El Atlantic Pride se despide tras una semana que volvió a convertir A Coruña en la capital de la diversidad

A Coruña puso este domingo el broche final a la séptima edición del Atlantic Pride, un festival que durante ocho días volvió a llenar la ciudad de música, cultura y reivindicación, consolidándose como una de las grandes citas del verano gallego y como el principal festival LGTBIQ+ del norte de España.
La jornada de clausura reunió a miles de personas en los Jardines de Méndez Núñez, donde el público disfrutó de las actuaciones de María Isabel y Ricky Merino, encargados de poner el punto final a una programación marcada por la diversidad de estilos, generaciones y propuestas artísticas.
Entre el 5 y el 12 de julio, el Atlantic Pride ofreció más de una veintena de actividades gratuitas, entre conciertos, sesiones de DJ, espectáculos drag, encuentros e iniciativas culturales desarrolladas en distintos espacios de la ciudad, con especial protagonismo para la plaza de Pontevedra y los propios Jardines de Méndez Núñez. Por los escenarios del festival también pasaron artistas como Zahara, Miriam Rodríguez, Whigfield, Alba Reche, Julieta, Azúcar Moreno y numerosas figuras de la escena drag, como Choriza May, Pitita y Kika Lorace, además de artistas gallegos emergentes.

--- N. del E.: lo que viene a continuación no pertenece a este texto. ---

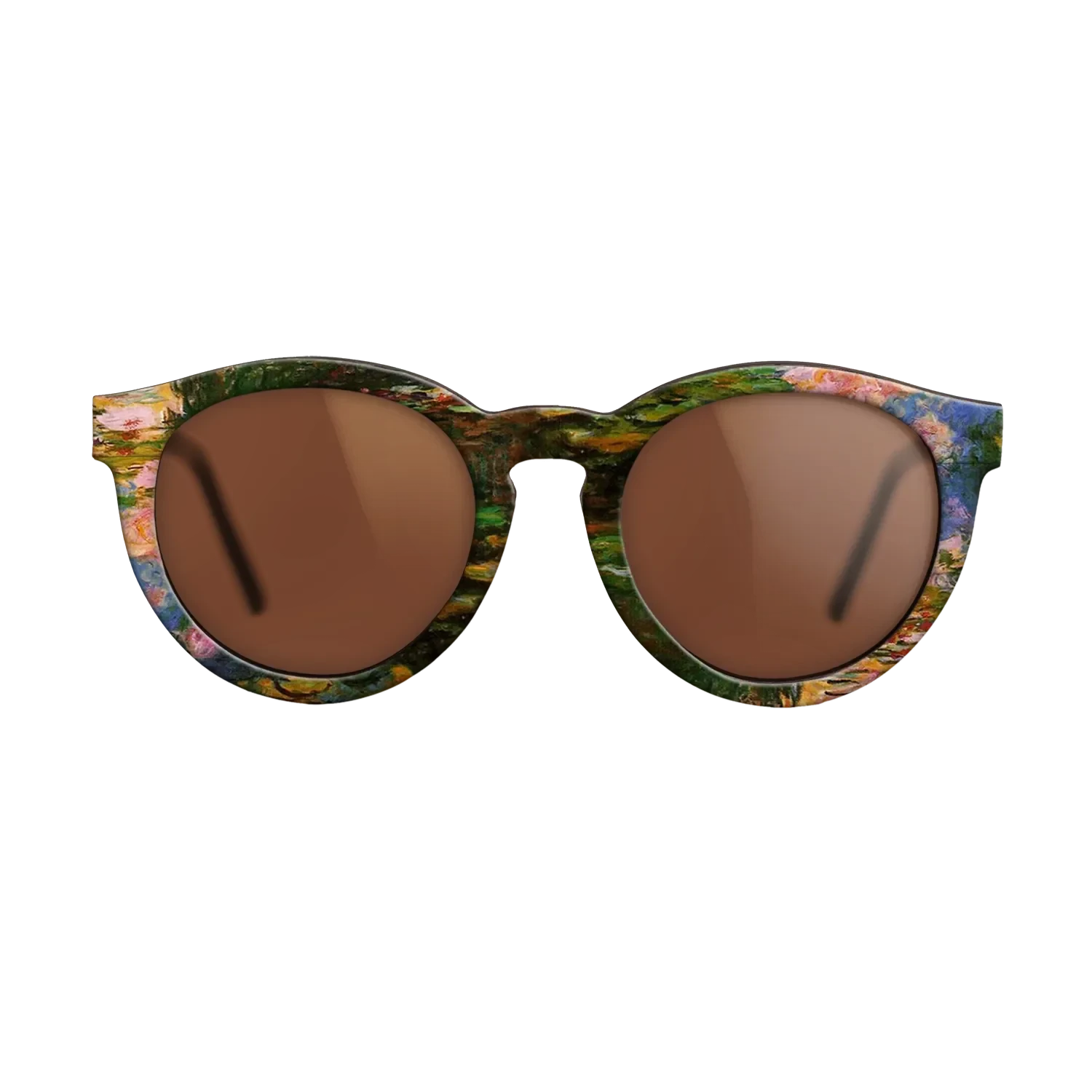 Oil Painting on Straight Grain Walnut: Rococo - Water Lily Pond, 1917 - 1919 - Claude Monet - The Rebel - Round - 1247 - SIRIS wood optic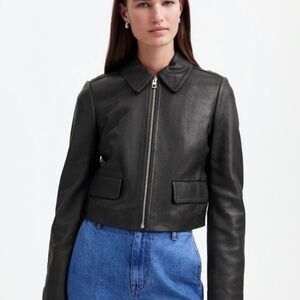 Madewell Shrunken Zip-Front Jacket in Leather, true black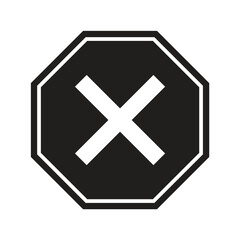 Cancel Icon – Crossed Road Sign for No Entry or Error Indication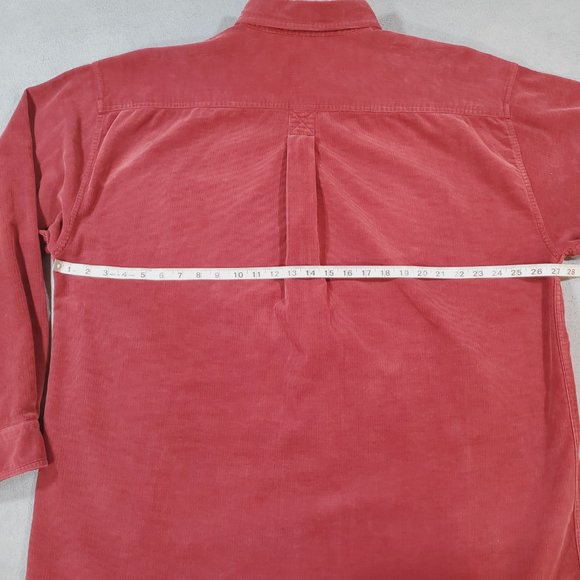 LL Bean Corduroy Shirt Mens XL Tall Red Button Down Long Sleeve Classic Comfort - Picture 10 of 12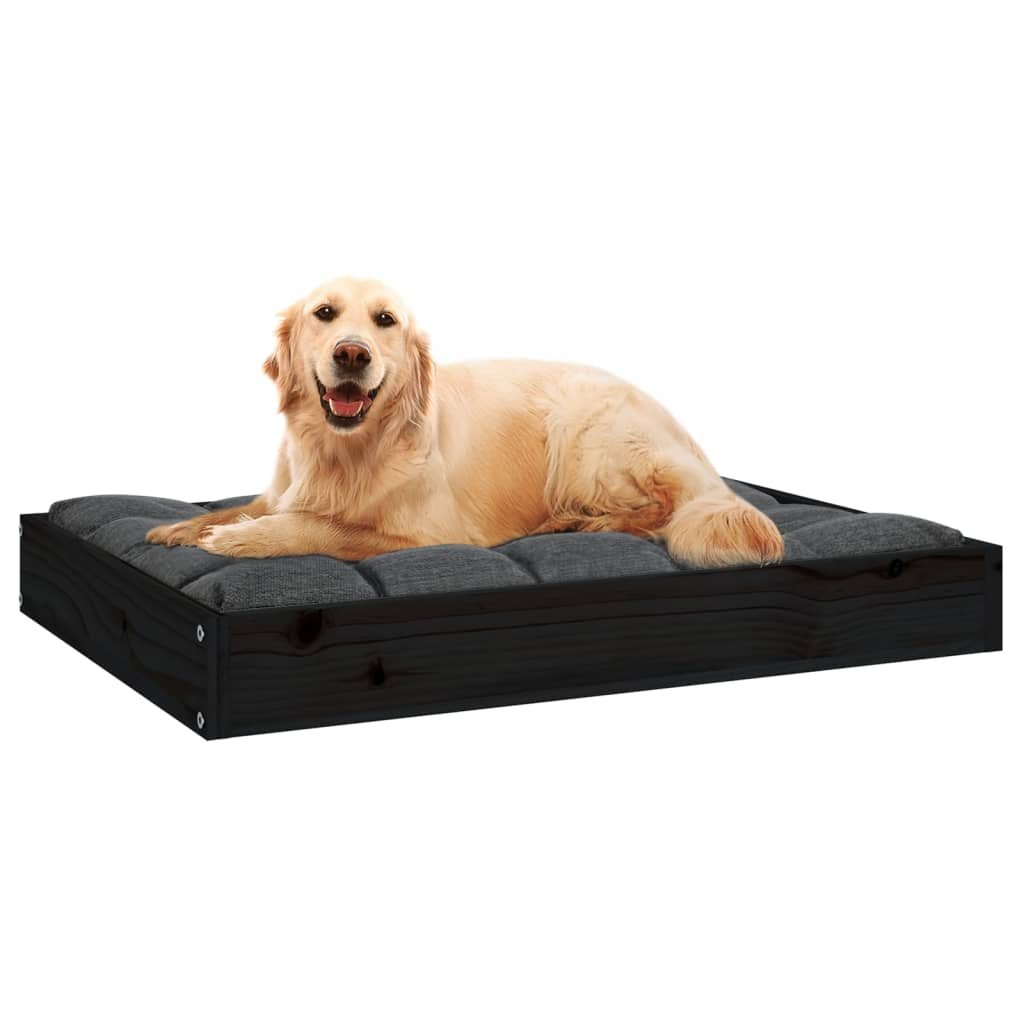 vidaXL Dog Bed Black 28.1"x21.3"x3.5" Solid Wood Pine - USA Pets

Impulsado por la Asociación Orgullo Coruña (ORCO), con el apoyo del Ayuntamiento de A Coruña, la Diputación y la Xunta de Galicia, el Atlantic Pride volvió a combinar el carácter festivo con la reivindicación de los derechos del colectivo LGTBIQ+, convirtiendo a la ciudad en un referente de la diversidad y la inclusión durante toda la semana.
Con el cierre de esta edición, el Atlantic Pride se despide tras volver a atraer a miles de personas a A Coruña y consolidar una cita que cada verano sitúa a la ciudad entre los principales destinos LGTBIQ+ del país.